We further relate this energy density to the planck's formula of energy density of black body radiation, which is $$U(\nu)=\frac{\frac{8(\pi)h\nu^{3}}{c^{3}}}{e^\frac{h\nu}{k_{B}T}-1}$$ While doing all of this we assume population inversion( for a two state system) and assume the atoms of the gas to behave in a Maxwell-Boltzmannian manner. This would hold true because excited atoms follow Maxwell-Boltzmann statistics. Let the ground state have a energy $E_{1}$ and a population $N_{1}$ and the first excited state have a energy $E_{2}$ and a population $N_{2}$, we then relate them by $$\frac{N_{2}}{N_{1}}=e^{\frac{-h\nu}{k_{B}T}}$$ My question is this: Excitation can be of different forms, atomic, thermal, etc; but when we talk of atomic excitation, we need to address the excited electrons within the atoms and henceforth introduce the concept of spin because electrons are fermions which obey Pauli's exclusion principle, so now how can we relate the population of electrons in ground and excited states in a MB-ian manner. Don't we have to use Fermi-Dirac statistics here? If we do use FD statistics, then to what energy density would we relate the energy density of the the coefficients to (because we cannot relate it to the Planck's black body radiation energy density)?
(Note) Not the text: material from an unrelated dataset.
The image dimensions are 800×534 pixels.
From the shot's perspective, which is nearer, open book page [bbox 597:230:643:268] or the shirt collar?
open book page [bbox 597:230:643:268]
I have below my reflections:

$$\frac{N_{2}}{N_{1}}=\frac{1}{e^{\frac{-E_{f}+E}{k_{B}T}}+1}$$

Where $$\frac{-E_{f}+E}{k_{B}T}=\frac{-\left[\frac{3n}{\pi}\right]^{\frac{2}{3}}\frac{h^{2}}{8m}+h\nu}{k_{B}T}$$

Where I define a function $\gamma$ which varies with frequency as$$\gamma(\nu)=-\left[\frac{3n}{\pi}\right]^{\frac{2}{3}}\frac{h}{8m}+\nu$$

$$U(\nu)=\frac{B_{21}}{A_{21}}\frac{1}{\frac{A_{12}}{A_{21}}}\frac{1}{e^{\frac{\gamma(\nu)h}{k_{B}T}}+1}$$

$$\frac{A_{12}}{A_{21}}=\alpha$$ Now multiplying the numerator and denominator by $\alpha$ I obtained an equation that I used to compare to the Planck's BB radiation energy density.
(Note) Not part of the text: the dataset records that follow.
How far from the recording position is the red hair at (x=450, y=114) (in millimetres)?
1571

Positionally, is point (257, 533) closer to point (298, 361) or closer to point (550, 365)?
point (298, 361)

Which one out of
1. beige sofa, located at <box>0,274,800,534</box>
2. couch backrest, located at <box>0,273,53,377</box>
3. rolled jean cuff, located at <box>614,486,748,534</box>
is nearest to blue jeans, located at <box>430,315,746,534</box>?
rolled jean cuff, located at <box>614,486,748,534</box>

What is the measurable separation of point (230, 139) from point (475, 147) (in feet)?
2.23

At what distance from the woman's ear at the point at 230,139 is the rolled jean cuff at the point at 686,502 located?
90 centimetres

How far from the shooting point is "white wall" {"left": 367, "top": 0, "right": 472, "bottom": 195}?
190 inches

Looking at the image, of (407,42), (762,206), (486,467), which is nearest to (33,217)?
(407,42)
$$U(\nu)=\frac{B_{21}}{A_{21}}\alpha\frac{1}{\alpha^{2}e^{\frac{\gamma(\nu)h}{k_{B}T}}-{[-\alpha^{2}+\alpha}]}$$

Now by comparison of the above formula to BB radiation energy density, I obtained $\frac{B_{21}}{A_{12}}\alpha=\frac{8(\pi)h\nu^{3}}{c^{3}}$ and $-\alpha^{2}+\alpha=1$ This quadratic equation yields two real roots and by comparing $\alpha^{2}=1$ we obtain in total three possible values of alpha,I.e.

Case one:$\alpha= 1.618$

Case two:$\alpha=-0.618$

Case three:$\alpha=1$

Now using this in the expression of energy density I obtained Let $\frac{B_{21}}{A_{21}}=\beta$

Case one : $$U(\nu)\approx\beta\frac{1}{e^{\frac{\gamma(\nu)h}{k_{B}T}+0.5}+e^{-0.5}}$$

Case two : $$U(\nu)\approx\beta\frac{1}{e^{\frac{\gamma(\nu)h}{k_{B}T}-0.5}+e^{0.5}}$$

Case three : $$U(\nu)=\beta\frac{1}{e^{\frac{\gamma(\nu)h}{k_{B}T}}}$$ Introducing another term $\epsilon$, which is the chemical potential of the system we observe, $$\gamma(\nu)=-E_{f}+\nu-\epsilon$$ Case three changes as $$U(\nu)=\beta\frac{1}{e^{\frac{(-E_{f}+\nu-\epsilon)h}{k_{B}T}}}$$ Now the Taylor's series approximation of e^x is $$e^{x}=1+\frac{x}{1!}+\frac{x^2}{2!}+...\approx1+x$$ At low frequencies $$\frac{\gamma(\nu)h}{k_{B}T}<<1$$ $$e^{\frac{(-\left[\frac{3n}{\pi}\right]^{\frac{2}{3}}\frac{h}{8m}+\nu- \epsilon)h}{k_{B}T}}\approx\frac{(-E_{f}+\nu-\epsilon)h}{k_{B}T }+1$$ Thus the energy density becomes

$$U(\nu)\approx\beta\frac{k_{B}T}{(-E_{f}+\nu-\epsilon)h+k_{B}T}$$

Comparing this with the planck's BB radiation energy density, $$\frac{h\nu}{k_{B}T}+1=\frac{(-E_{f}+\nu-\epsilon)h}{k_{B}T }+1$$ Hence I say that $$E_{f}\alpha\frac{-∂U}{∂N}$$ where the latter term is $\epsilon$, this is true because the Millikan potential(chemical potential of an electron), there is a similar dependence between Fermi energy and chemical potential.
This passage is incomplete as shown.